I noticed that now WSL set below variables correctly.

❯ echo $XDG_RUNTIME_DIR\n$DBUS_SESSION_BUS_ADDRESS
/run/user/1000/
unix:path=/run/user/1000/bus

But then I suppose that this is due to init now handled by systemd, which is the normal behavior. However, the user (d)bus is not present in the above directory.

❯ exa -l /run/user/1000/
drwx------ - mangkoran 22 Sep 05:30 dbus-1
|rw------- 0 mangkoran 22 Sep 05:31 fish_universal_variables.notifier
srwx------ 0 mangkoran 22 Sep 05:31 lf.mangkoran.sock
drwx------ - mangkoran 22 Sep 05:30 pulse
srwxrwxrwx 0 mangkoran 22 Sep 05:30 wayland-0
.rw-rw---- 0 mangkoran 22 Sep 05:30 wayland-0.lock
cerebrate commented 2 years ago

This is an artifact of how WSL creates shells/commands when you run them; i.e., just spawning them directly.

It doesn't go through the normal Linux login process (or variants of same) and thus doesn't invoke PAM, and it's the systemd PAM module that creates a login session and spawns a user systemd (and thus session dbus) for it.

(You can see this if you run loginctl, which will tell you there are no established login sessions.)

I got around this in genie by installing systemd-machined, which then let me use wsl sudo machinectl shell username@.host to create a proper login session. This same workaround does the same under the Microsoft systemd implementation, and produces the expected user systemd and session dbus.

Hopefully in the future the WSL team can incorporate the needed PAM-triggering functionality directly into wsl.exe.

mangkoran commented 2 years ago

Thank you for your insight. Now that we know what are the missing "step" from WSL invocation.

I do however see my user from loginctl 🤔

❯ loginctl
SESSION  UID USER      SEAT TTY
     c1 1000 mangkoran      pts/2

1 sessions listed.

Is it because I run sudo loginctl enable-linger <username> before?

cerebrate commented 2 years ago

Yes, turning on linger will create the user session/user systemd instance/session bus as part of the systemd start process.

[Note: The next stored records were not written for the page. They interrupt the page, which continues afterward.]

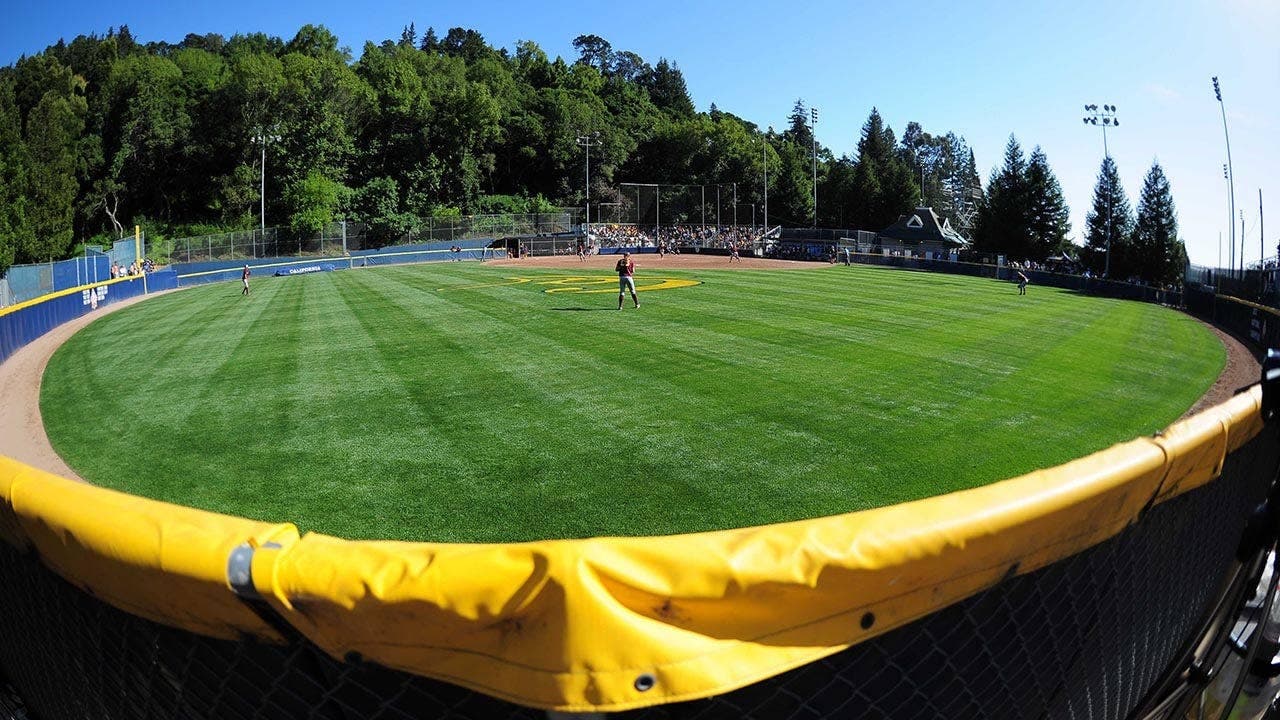 What the Cal Softball Lawsuit Reveals About Power and University Duty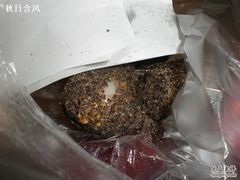 -叶氏麻糍(鼓浪屿店)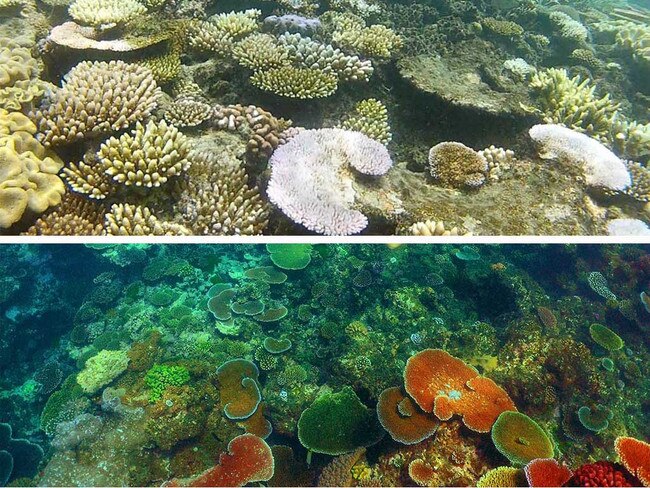 Reef before and after pic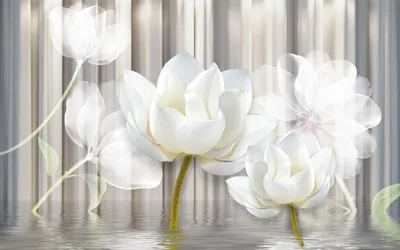 Фотообои Воздушные белые тюльпаны | Купить в Москве, низкие цены,  интернет-магазин Artpolygraf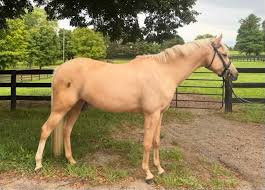 Image result for Medium Buckskin 1989 Colt
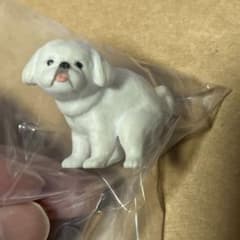 ふんばり〜ぬ3のサムネイル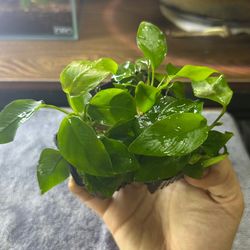گیاه آنوبیاس گلدن اسپشز سایز L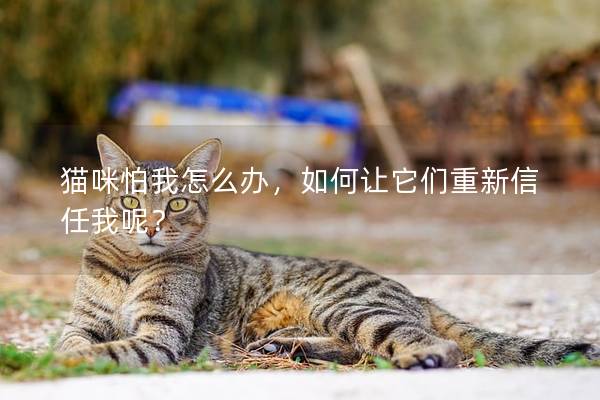猫咪怕我怎么办，如何让它们重新信任我呢？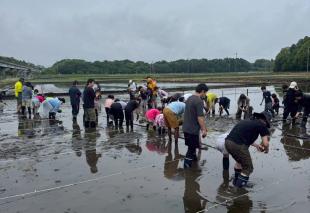 米づくり家族で体験交流会「田植え」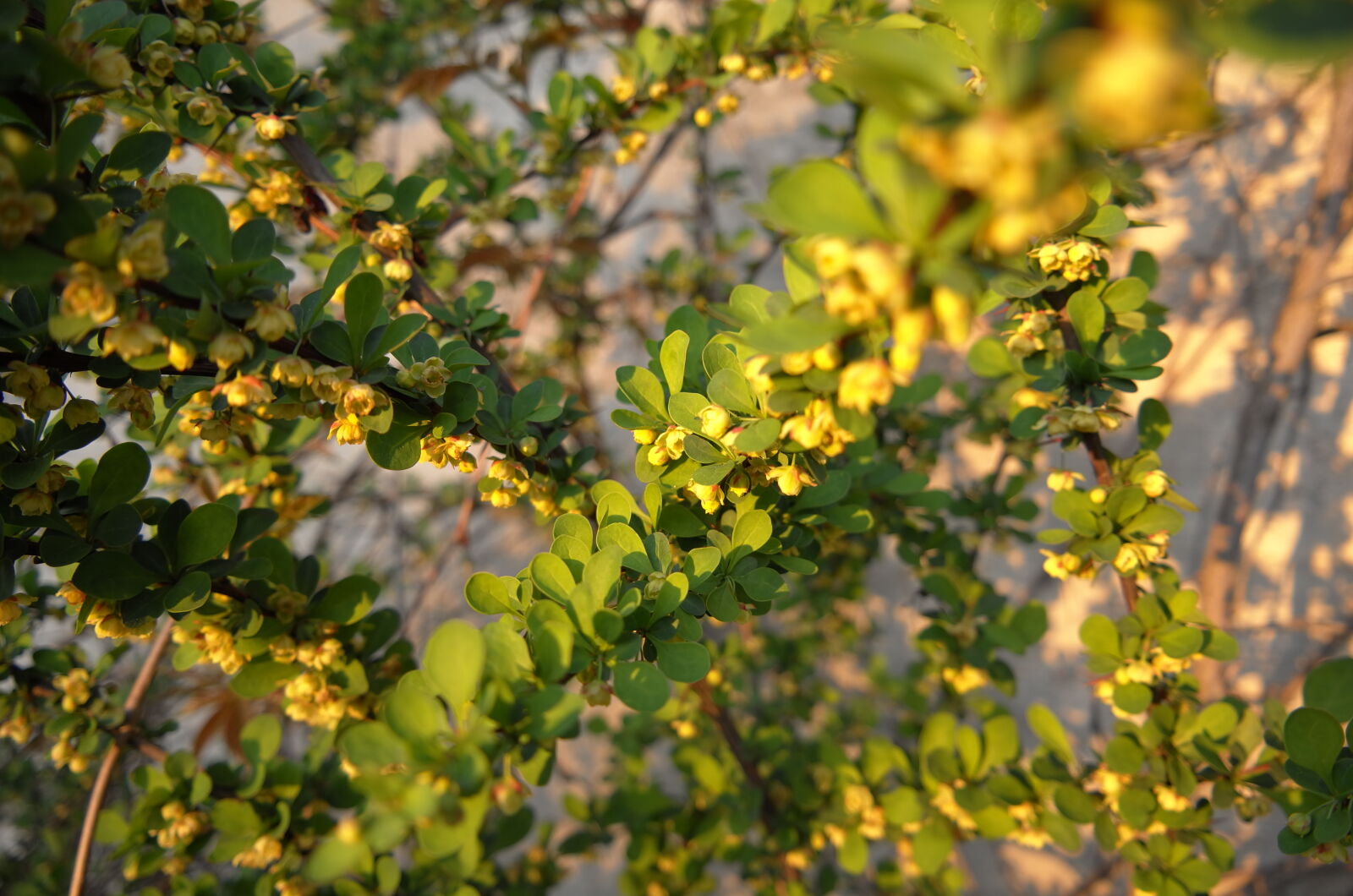 Leica T (Typ 701) sample photo. Springtime for sunset photography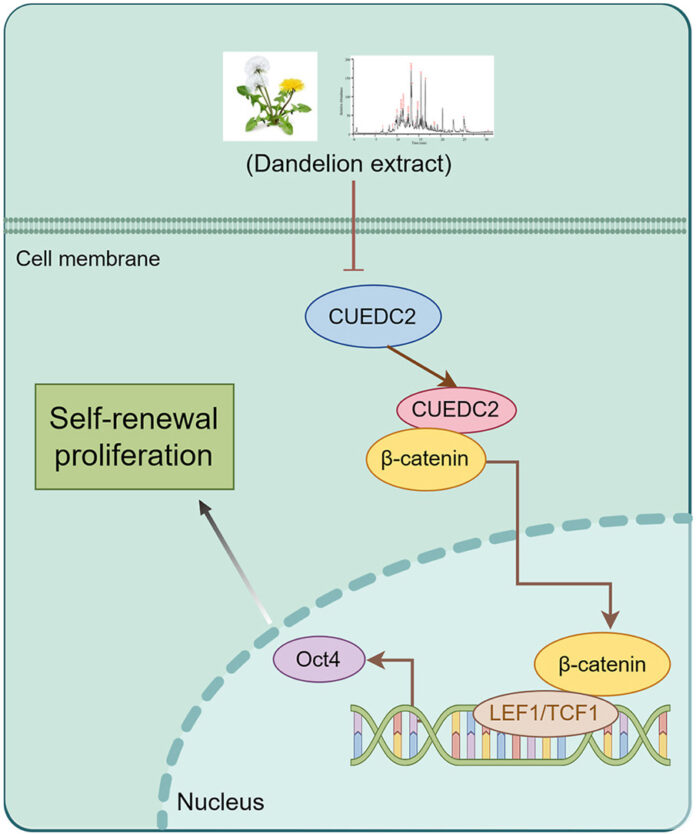 1-s2.0-S0378874125000911-ga1_lrg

I believe you'll still need to use the/a workaround to get inside the user session before you can make (reliable) use of them, though.

bhoppi commented 2 years ago

the variables $XDG_RUNTIME_DIR and $DBUS_SESSION_BUS_ADDRESS are not created by systemd, the evidence is that the value of $XDG_RUNTIME_DIR is with a trailing character '/', which is not the behavior of systemd.

bhoppi commented 2 years ago

Hopefully in the future the WSL team can incorporate the needed PAM-triggering functionality directly into wsl.exe.

I think a better way is to give up /init and let systemd take over everything in the VM. Because by using systemd, most of /init's functionality is redundant. MS engineers just need to implement a few systemd services to be responsible for host interaction things such as sync and interop.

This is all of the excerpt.